I’m angry because people I care about receive death threats. I’m angry that my non-Muslim friend is told, “If there is fighting here, you are the first one to die,” by neighbors she feeds and serves and loves. I’m angry that while waiting for a dress to be sewn by a tailor in the market, a girl and I chat and in the middle of our conversation, she suddenly runs her finger across her throat and says, “I could kill you now if I wanted to,” and then smiles at me. I’m angry that because of the color of my skin some people assume they knew what I believe and hold most dear and that they have no qualms about insulting me.
I’m angry with my own heart that is quick to judge and slow to show compassion. I’m angry that my first response isn’t to love but to defend. I’m angry that I sometimes succumb to fear instead of faith.
I’m not going to make a movie. I’m not going to kill anyone.
I’m going to ask my Muslim friends how they feel about the film and current events. I’m going to apologize on behalf of a man with whom I share nationality, if nothing else. This might sound foolish but yesterday one of my husband’s friends apologized for the murder of Ambassador Stevens in Libya. Another American living in the Middle East was at a store when the shopkeeper apologized for the burning of the US embassy in Egypt. It isn’t foolish. It is humble and that’s a good thing, its humbling and that’s also a good thing.
I’m going to pray and I’m going to hope and I’m going to trust and I’m going to pursue the path of peace.
I borrowed the idea for this post from the blog His PeaceUpon Us, here is a beautiful quote:
I am angry because all people are made in God’s image and we are not treating each other with the respect that this simple truth demands. God made us. And therefore he loves us. How is it that this truth doesn’t change everything about how we live with people different than us?!
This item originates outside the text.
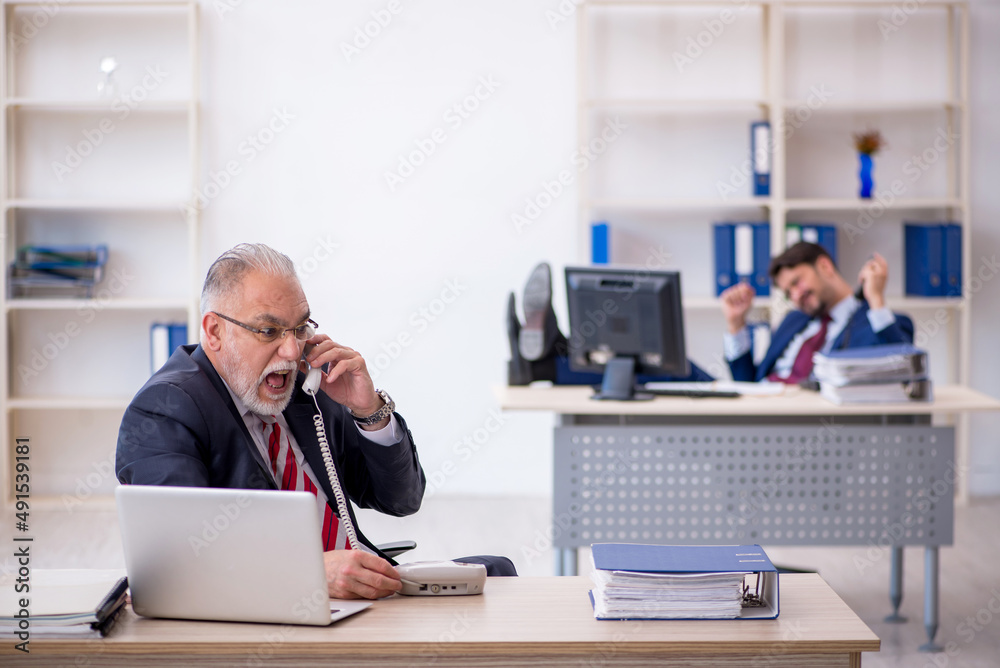 Two male colleagues working in the office Two male colleagues working in the office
So I will pray. I will pray to the God of peace. I will pray for those who have sinned in making the movie and those who have sinned in their response to the movie. I will continue to show the way of love that Jesus teaches us.
I will pray and I will seek to daily die to myself and my selfish desires so that I can love others, even others who don’t love me.
Are you angry? What are you going to do about it?